I am confused about a method used in the following problem. There is an arrangement as shown below. The surface is smooth, and the pulleys are light. We have to find the acceleration $a_0$ of $m_1$.
The method I used to solve it was to consider the pulley B and masses $m_2$ and $m_3$ as a single system that goes down with the same acceleration as that of $m_1$. If this acceleration be $a_0$, then the equations of motion give $$a_0=\frac {m_2+m_3}{m_1+m_2+m_3}g$$
However, the textbook solution treats motions of all objects individually, where $m_1$ has an acceleration $a_0$, $m_2$ has an acceleration $a_0-a$ and $m_3$ has an acceleration $a_0+a$, all from the lab frame(inertial). The answer calculated thus does not match with mine.
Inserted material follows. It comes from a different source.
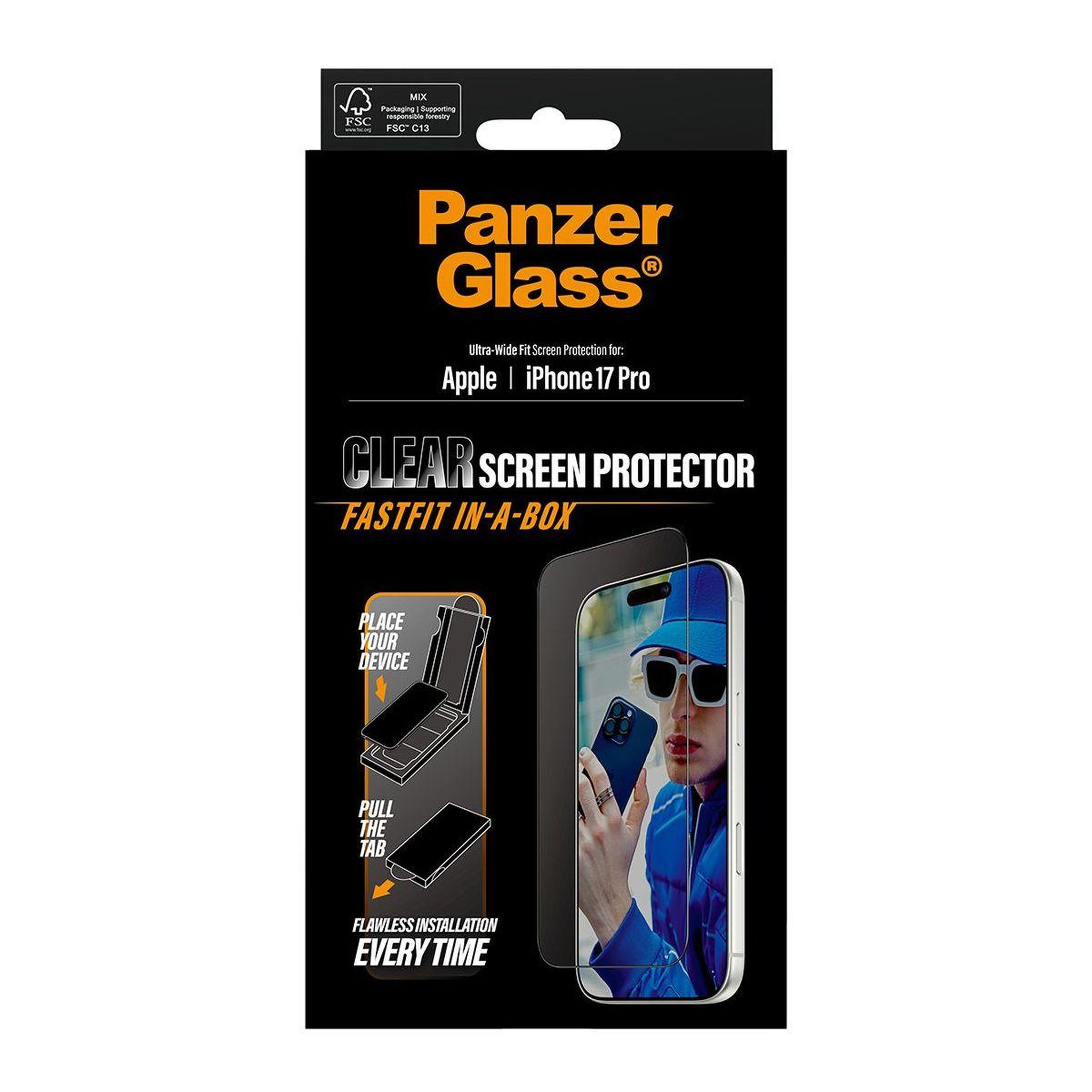 Voir la diapositive 3 : PANZERGLASS Protège écran iphone 17 pro verre trempé pose facile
The texbook gives $$a_0=\frac {g}{1+ \frac {m_1(m_2+m_3)}{4m_2m_3}}$$
The question is, what is the problem with considering the pulley B and the masses $m_2$ and $m_3$ as a single system of mass $(m_2+m_3)$? Or do we have to take some precautions, when the system is accelerated? (The textbook solution is perfectly alright and I understood it too, but what is the problem with mine?)
Best Answer
The vertically moving object is an Atwood machine and the two masses have their own accelerations that are in different directions. The acceleration of $m_2$ and $m_3$ (separate from the total system) is given by $$ a=\frac{m_3-m_2}{m_2+m_3}g\tag{1} $$
Mass $m_2$ is accelerating upwards, hence the acceleration in your case of $a_0-a$; likewise mass $m_3$ is accelerating downwards with an acceleration of $a_0+a$.
Newton's 2nd law says that the sum of the forces is equal to $ma$, so you should be using all the forces in the set up.